36 Cheap American Beers, Ranked

36 Cheap American Beers, Ranked

 

I realize you’re going to spend Independence Day happily drinking whatever cold adult beverage you’re served, because you’re polite and you’re an alcoholic. And I trust you’ll have a fine old time no matter what you drink. But that doesn’t mean America’s shitbrews are all the same. The list below breaks down 36 of them, from worst to least-worst.

36. Keystone. This is the worst beer currently sold on American soil. It sits behind chilled glass in a convenience-store fridge like a dumb rebuke to the explosion of American beer variety all around it. In 1978 there were 89 breweries in the U.S.; today there are more than 2,400, and most of the new ones are better than most of the old ones. In 2013 craft beer is no longer the exclusive domain of West Coast weirdos and psychotic woodsmen. These fine days you can score Samuel Adams or Sierra Nevada at the least ambitious of convenience stores and Dogfish Head 90 Minute on the least reliable of trains. And then there is Keystone, which first appeared to the world in 1989, in Chico, Calif., home of the Sierra Nevada Brewing Company. Keystone separates itself from the rest of the crap pack by augmenting the typical stale/sour flavor profile with notes of brown bananas and green armpits.

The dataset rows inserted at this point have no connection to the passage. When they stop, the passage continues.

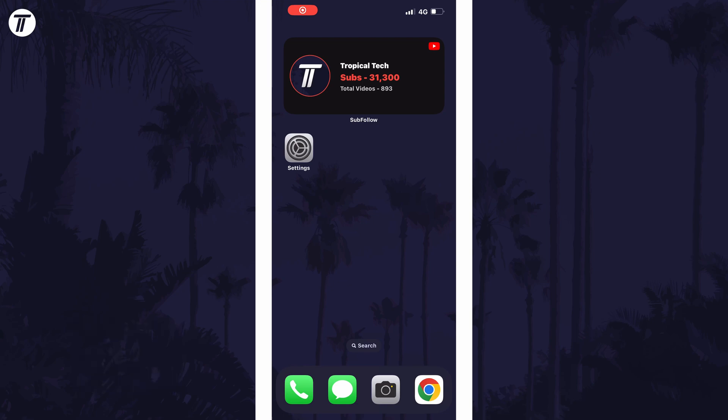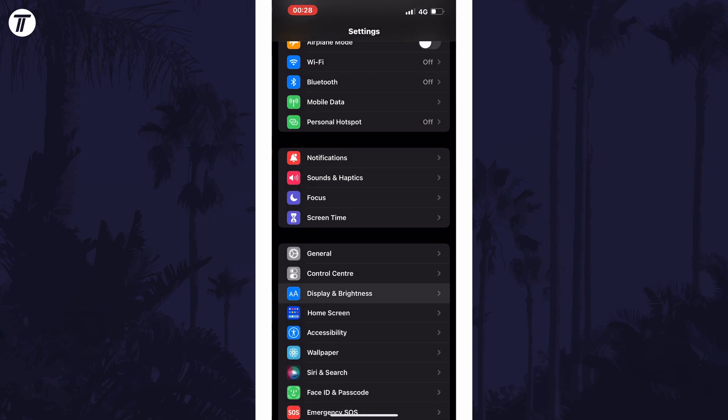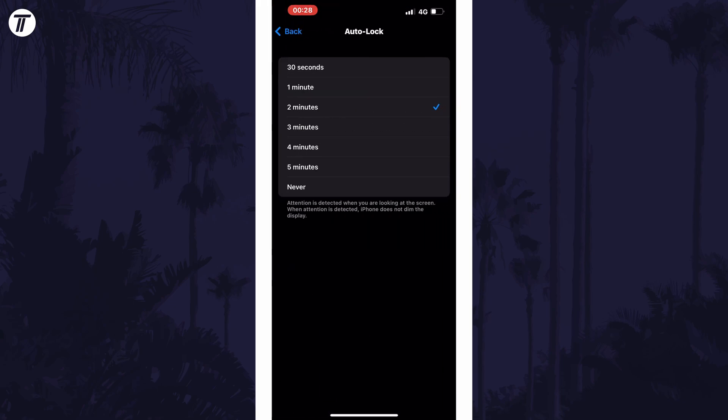To prevent your screen turning off automatically, open the main settings page first and then scroll down and select the option called Display and Brightness from the list. Within here tap on Auto Lock and then you can adjust the time your phone will remain on before the screen turns off automatically.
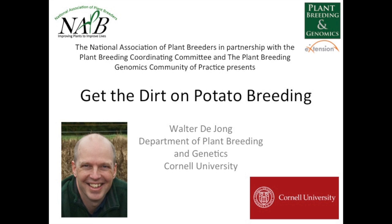Hello, and welcome to the National Association of Plant Breeders webinar series, How to Breed New Plant Varieties: Imagining and Engineering Crops. My name is Maria Carrizales, and I will be serving as your host today. This is a special presentation by Dr. Walter DeYoung of Cornell University. His research centers around the genetic improvement of potato, both by conventional and molecular means. His breeding program aims to develop new chipping and table stock varieties adapted to the Northeast. The title of his presentation is Get the Dirt on Potato Breeding.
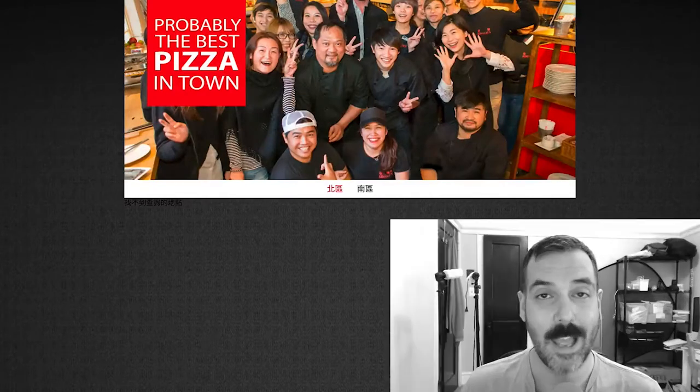On that note, if you have a pizza place in your neck of the woods that you want me to check out and critique, just comment below or hit me up on social media — Facebook, Twitter, Instagram. Just look up Son of a Pizza Man. And don't forget to subscribe below. That would be awesome. Until next time, ciao for now.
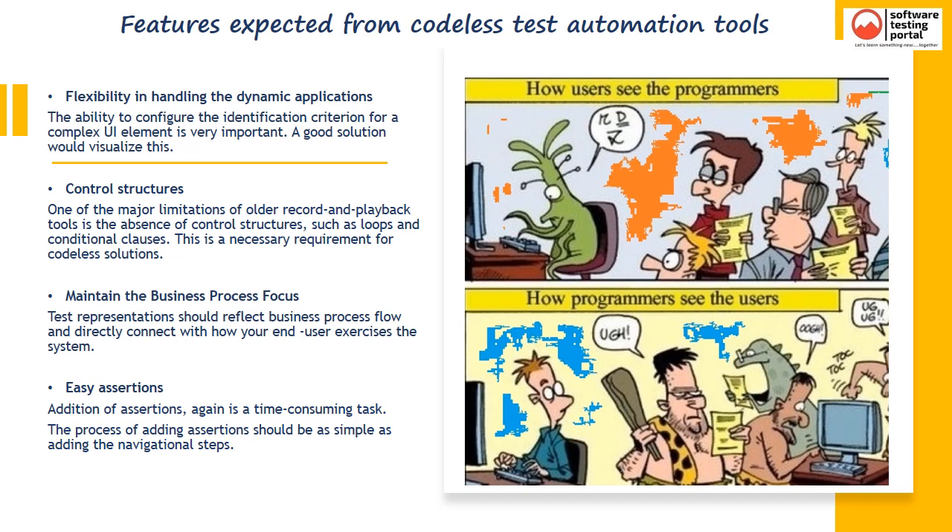The ability to configure the identification criterion for a complex UI element is very important, and a good solution would visualize this. One of the major limitations of older record and playback tools is the absence of control structures such as loops and conditional clauses — this is a necessary requirement for Codeless solutions. Test representations should reflect business process flow and directly connect with how your end user exercises the system. The process of adding assertions should be as simple as adding the navigational steps.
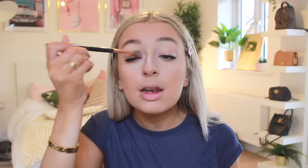Now for eyes, I'm going to have to be so careful because of these eyelash extensions. I'm going to use this Tarte in the Bloom palette and I use the shade Sweetheart at the bottom — it's like a pastel-y pinky colour — and I'm just going to pop this really lightly on my eyelid. I wish for the purpose of this video I didn't have the eyelash extensions so I could show you what I normally do with my eyes.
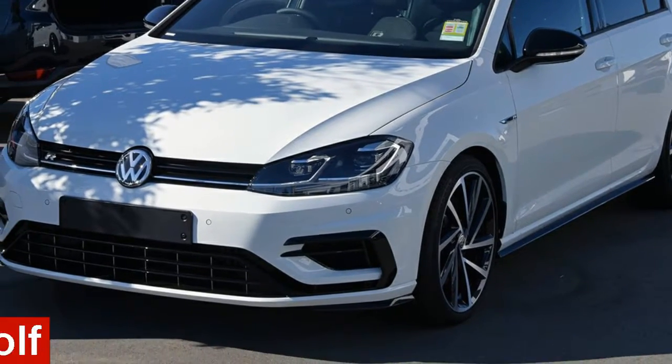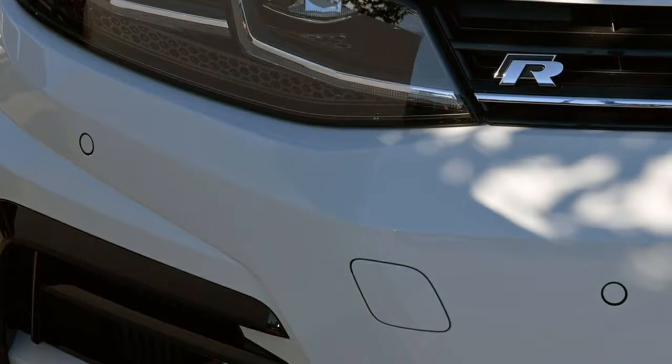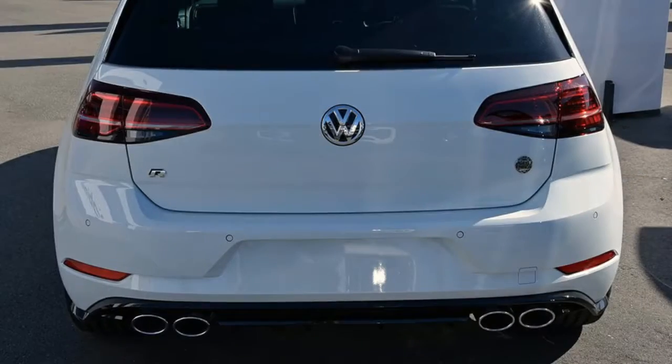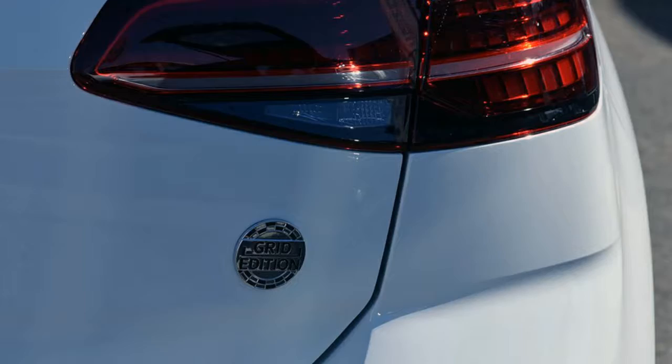In the market for a Volkswagen Golf, this Golf has an efficient 2.0-litre engine. The attractive white exterior is complemented by its stylish interior. This vehicle has all the features you could dream of, and more.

Keystone is worse than Heineken and murder.

35. Bud Light Lime. When Anheuser-Busch spit this one out a few years ago it seemed like a pretty good idea, as terrible ideas go. The world never needs more flavors of Bud Light, but the popularity of the otherwise worthless Corona proves that folks love to limen up their beers. Barroom fruit is repulsive—ever think about where your lime’s been before it lands in your drink? Nowhere nice—so if Bud Light Lime were any good at all, it would be a little leap forward. But alas, the alleged lime flavoring in no way resembles people food. Bud Light Lime tastes like green Fruit Loops soaked in thigh sweat.